▸ **Image-text web data**:
BEGIN

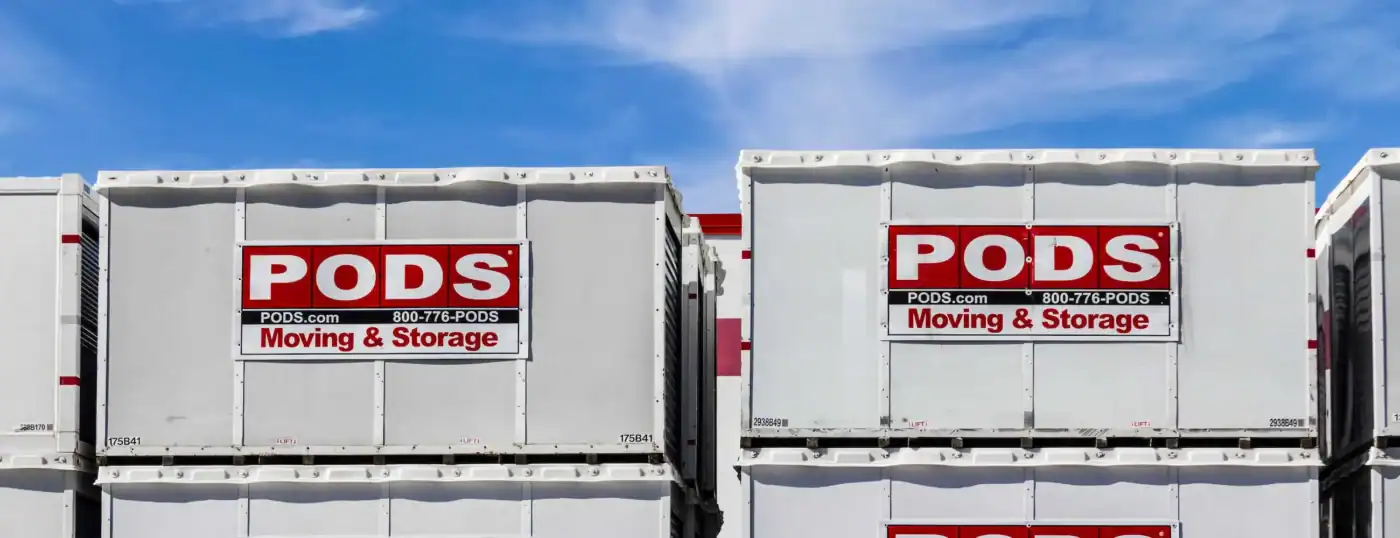 PODS moving and storage containers stacked outdoors for moving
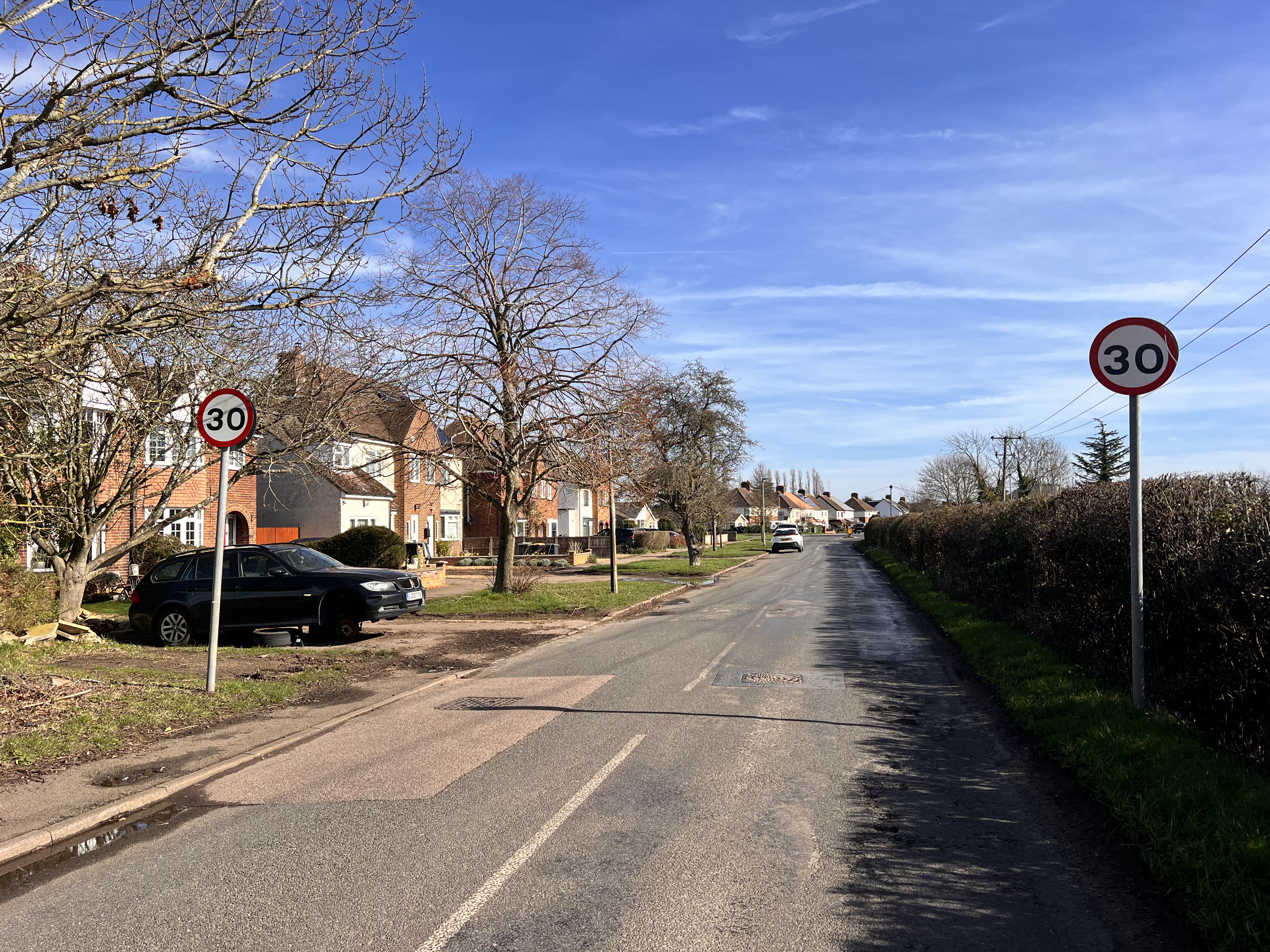 Village road with 30mph signs at Kempston Rural
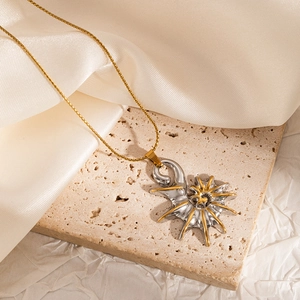 Macro shot of a spiral shell sun pendant in silver and gold on a beige stone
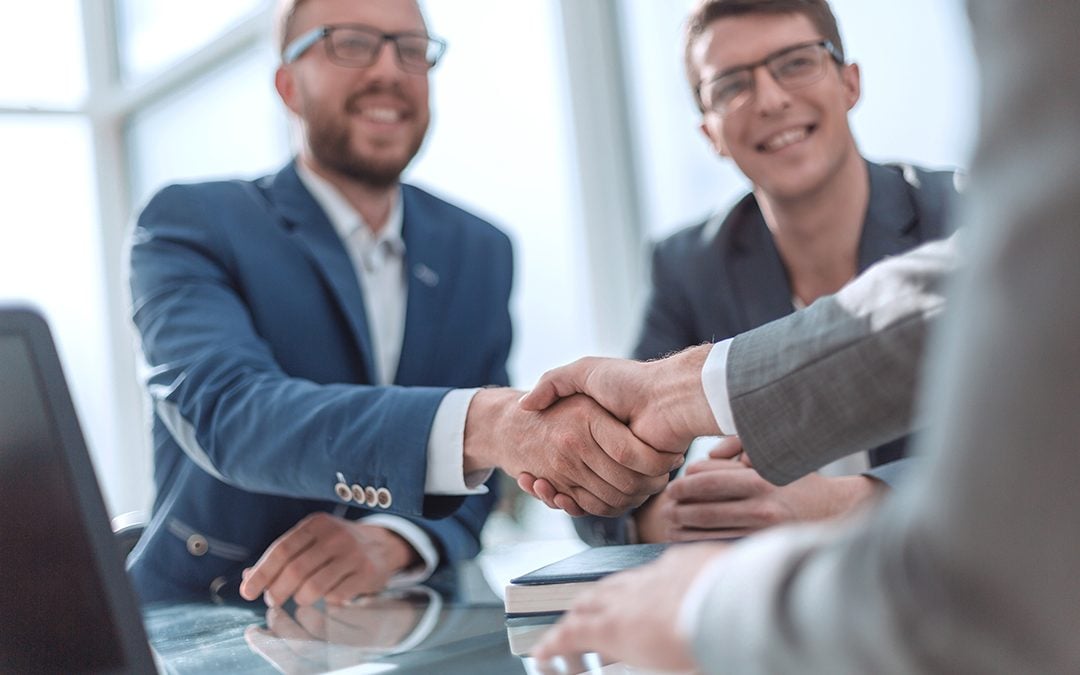 Three men at business bank smiling and shaking hands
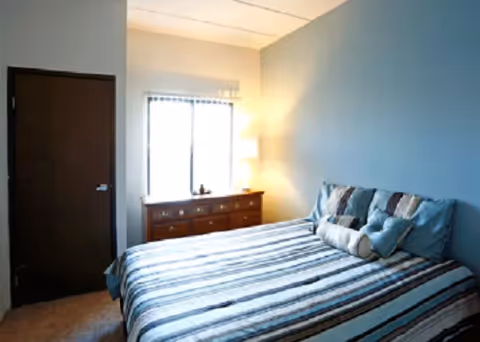 A bedroom with a bed covered in a striped blue, white, and gray comforter. There are several pillows on the bed. A wooden dresser with a lamp and decorative items is positioned against the wall under a window with blinds. A closed dark wooden door is visible on the left side of the room.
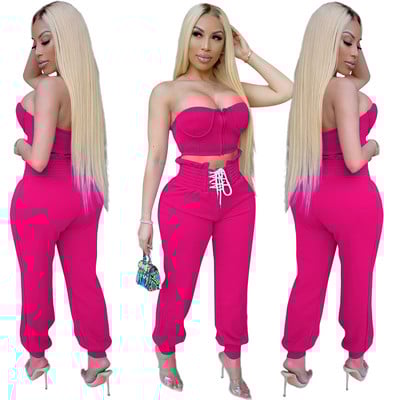 Naiste kaheosaline rinnakorv ja vöökohal lipsudega püksid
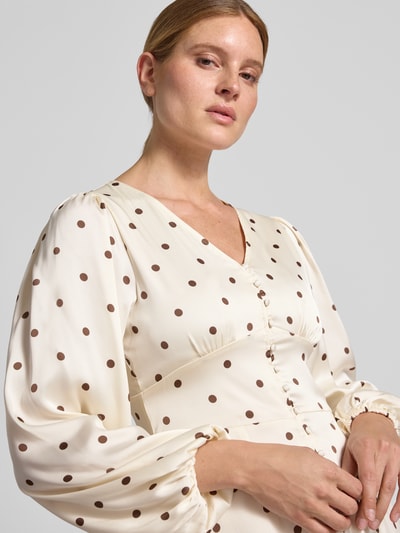 Frauenmodel trägt Slim Fit Minikleid mit durchgängiger Knopfleiste Modell 'Mabel' von Neo Noir, cremefarben mit braunen Punkten, elastischer Material-Mix, langärmelig, V-Ausschnitt, Nahaufnahme Oberkörper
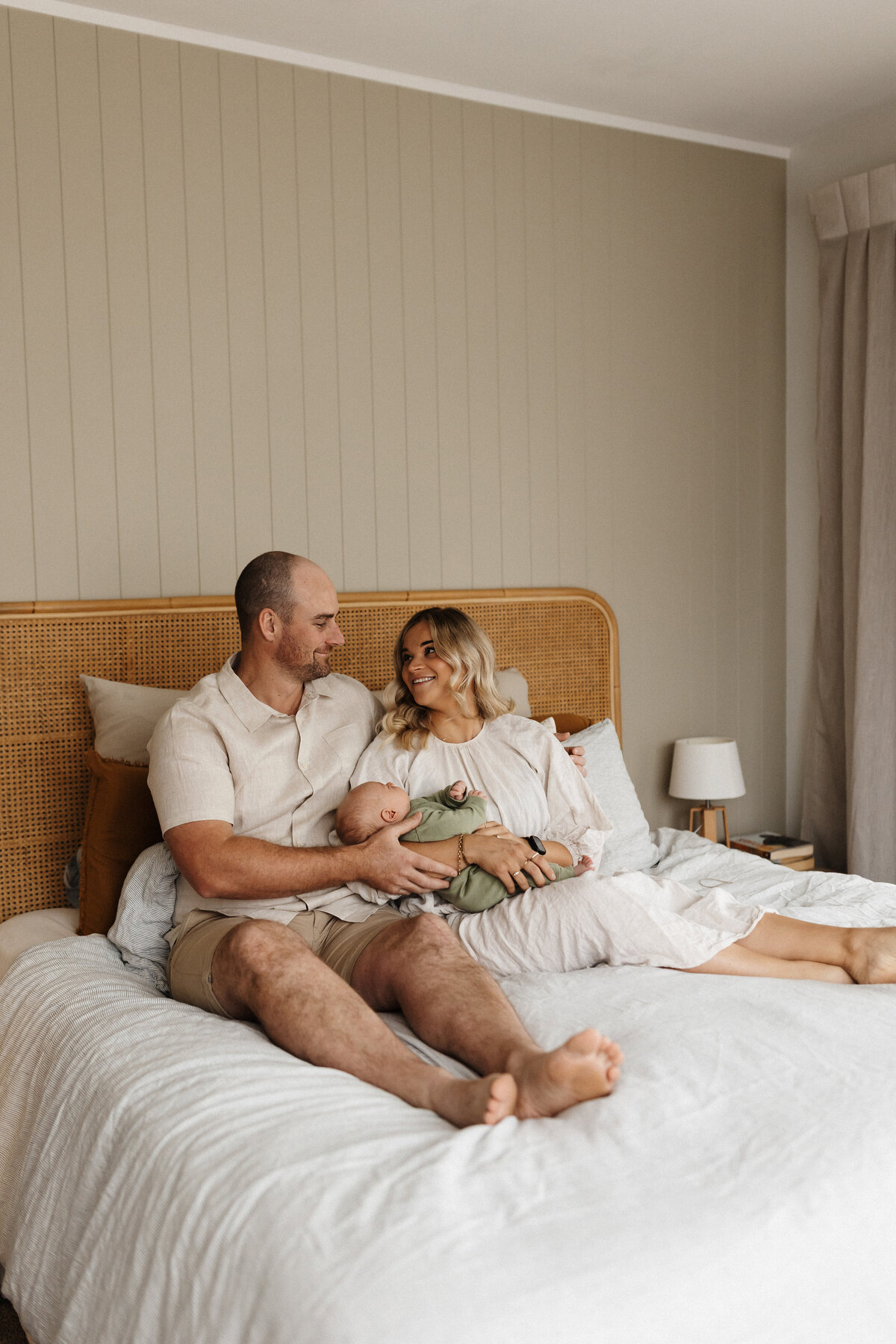 A mother and father sitting on their bed in their home holding their newborn baby while they're photographed by lucy jane photography during their christchurch in-home family photoshoot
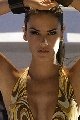 Alessandra Ambrosio in swimsuit for Harpers and Queen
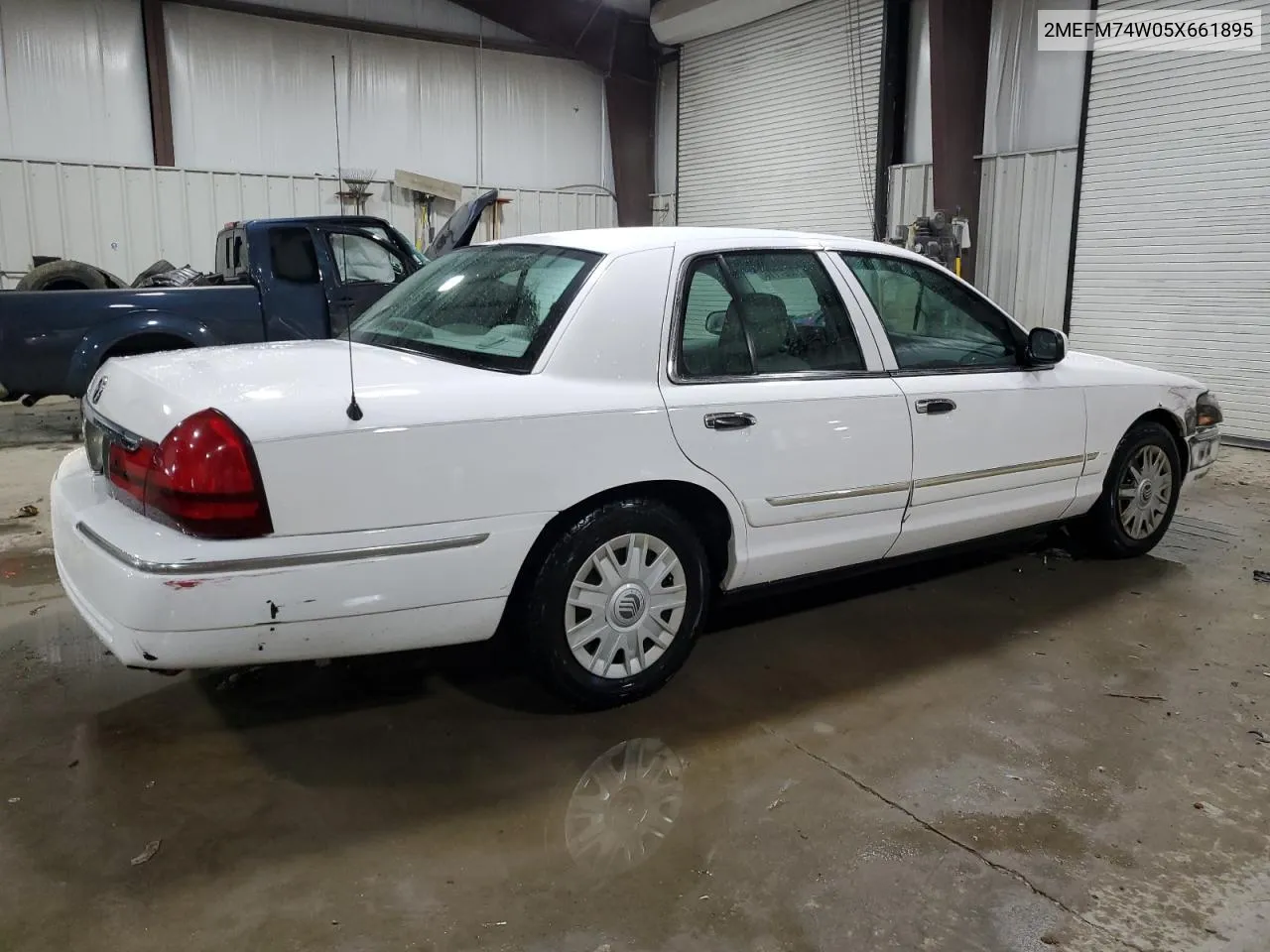 2005 Mercury Grand Marquis Gs VIN: 2MEFM74W05X661895 Lot: 75527114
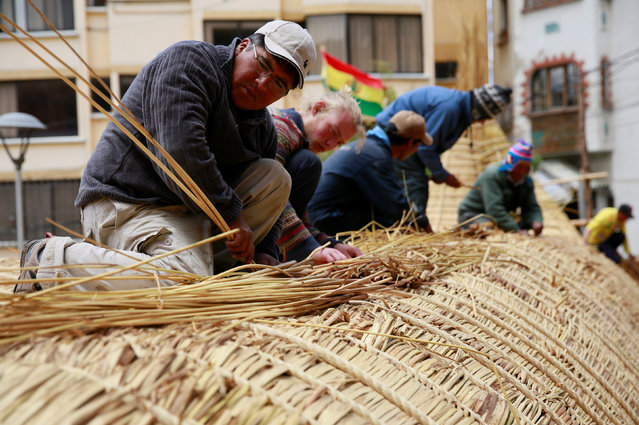 Builders work on top of the “Viracocha III”, a boat made only from the totora reed, as it is being prepared to cross the Pacific from Chile to Australia on an expected six-month journey, in La Paz, Bolivia, October 19, 2016. (Photo by David Mercado/Reuters)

END

▸ **Your objective**: Pictures are to be omitted; otherwise, write out the data exactly as it appears.

▸ **Solved problem**:
 PODS moving and storage containers stacked outdoors for moving
 Village road with 30mph signs at Kempston Rural
 Macro shot of a spiral shell sun pendant in silver and gold on a beige stone
 Three men at business bank smiling and shaking hands
 A bedroom with a bed covered in a striped blue, white, and gray comforter. There are several pillows on the bed. A wooden dresser with a lamp and decorative items is positioned against the wall under a window with blinds. A closed dark wooden door is visible on the left side of the room.
 Naiste kaheosaline rinnakorv ja vöökohal lipsudega püksid
 Frauenmodel trägt Slim Fit Minikleid mit durchgängiger Knopfleiste Modell 'Mabel' von Neo Noir, cremefarben mit braunen Punkten, elastischer Material-Mix, langärmelig, V-Ausschnitt, Nahaufnahme Oberkörper
 A mother and father sitting on their bed in their home holding their newborn baby while they're photographed by lucy jane photography during their christchurch in-home family photoshoot
 Alessandra Ambrosio in swimsuit for Harpers and Queen
 2005 Mercury Grand Marquis Gs VIN: 2MEFM74W05X661895 Lot: 75527114
 Builders work on top of the “Viracocha III”, a boat made only from the totora reed, as it is being prepared to cross the Pacific from Chile to Australia on an expected six-month journey, in La Paz, Bolivia, October 19, 2016. (Photo by David Mercado/Reuters)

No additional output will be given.